ACCESS_KEY=accesskey
SECRET_KEY=secret
SIGNATURE_HASH=`echo -en ${SIGNATURE_STRING} | openssl sha1 -hmac ${SECRET_KEY} -binary | base64`

oc exec -it etcd-0 -n ${HOSTED_CLUSTER_NAMESPACE} -- curl -X PUT -T "/var/lib/data/snapshot.db" \
  -H "Host: ${BUCKET_NAME}.s3.amazonaws.com" \
  -H "Date: ${DATE_VALUE}" \
  -H "Content-Type: ${CONTENT_TYPE}" \
  -H "Authorization: AWS ${ACCESS_KEY}:${SIGNATURE_HASH}" \
  https://${BUCKET_NAME}.s3.amazonaws.com/${CLUSTER_NAME}-snapshot.db

If you wish to restore the snapshot on some new cluster later, ensure you have saved the encryption secret referenced from the HostedCluster resource, e.g:

oc get hostedcluster $CLUSTER_NAME -o=jsonpath='{.spec.secretEncryption.aescbc}'
{"activeKey":{"name":"CLUSTER_NAME-etcd-encryption-key"}}

# Save this secret, or the key it contains so the etcd data can later be decrypted
oc get secret ${CLUSTER_NAME}-etcd-encryption-key -o=jsonpath='{.data.key}'

Restoring an etcd snapshot

An etcd snapshot can currently only be restored on cluster creation, this can be achieved by modifying the output from create cluster --render, and defining a restoreSnapshotURL in the etcd section of the HostedCluster spec.

First we must create a pre-signed URL so the previously saved etcd snapshot can be downloaded from S3 without passing credentials to the etcd deployment, with the aws CLI this can be achieved like:

ETCD_SNAPSHOT=${ETCD_SNAPSHOT:-"s3://${BUCKET_NAME}/${CLUSTER_NAME}-snapshot.db"}
ETCD_SNAPSHOT_URL=$(aws s3 presign ${ETCD_SNAPSHOT})

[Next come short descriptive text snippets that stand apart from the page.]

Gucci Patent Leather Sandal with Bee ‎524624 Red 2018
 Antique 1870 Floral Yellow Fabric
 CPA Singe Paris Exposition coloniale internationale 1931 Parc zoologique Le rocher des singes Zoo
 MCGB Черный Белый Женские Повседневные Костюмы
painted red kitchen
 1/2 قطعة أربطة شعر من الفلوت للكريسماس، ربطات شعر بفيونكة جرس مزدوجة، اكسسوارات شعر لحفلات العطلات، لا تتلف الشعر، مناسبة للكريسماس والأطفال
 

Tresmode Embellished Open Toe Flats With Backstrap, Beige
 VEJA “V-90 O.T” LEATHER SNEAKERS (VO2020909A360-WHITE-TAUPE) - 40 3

Now we modify the HostedCluster spec to refer to this URL, e.g:

spec:
  etcd:
    managed:
      storage:
        persistentVolume:
          size: 4Gi
        type: PersistentVolume
        restoreSnapshotURL:
        - "${ETCD_SNAPSHOT_URL}"
    managementType: Managed

Finally you must ensure the secret referenced from the spec.secretEncryption.aescbc contains the same AES key saved in the previous steps.